All that should come back is the lines of the data below from the one containing "Personel Koramil 13/Baktiya" to the one containing "2025 Lexus LX 700h Overtrail", inclusive, exactly as they stand.

***** Available data

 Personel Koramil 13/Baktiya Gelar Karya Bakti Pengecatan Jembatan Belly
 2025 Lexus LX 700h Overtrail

**********
***** Available data

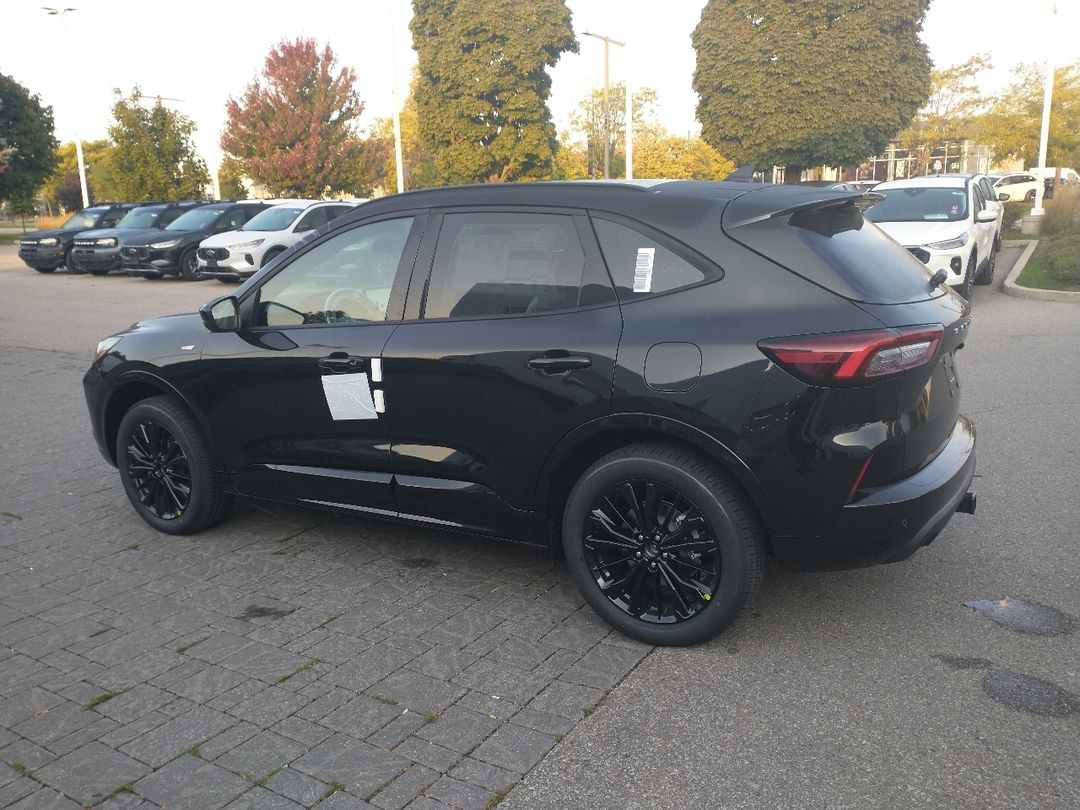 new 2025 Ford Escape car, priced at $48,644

**********
***** Available data

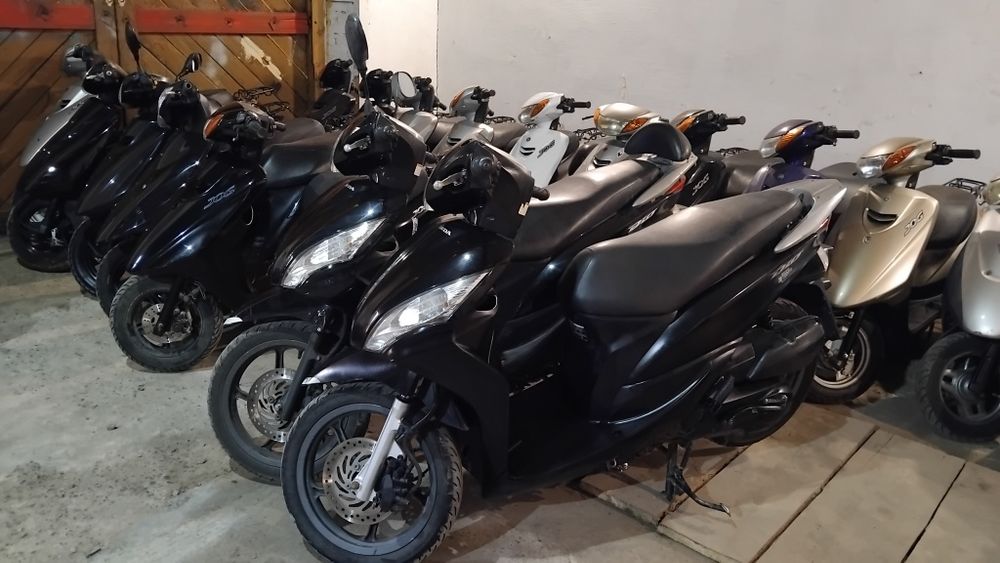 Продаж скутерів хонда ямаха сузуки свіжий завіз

**********

» **Response to this task**
 Personel Koramil 13/Baktiya Gelar Karya Bakti Pengecatan Jembatan Belly
 2025 Lexus LX 700h Overtrail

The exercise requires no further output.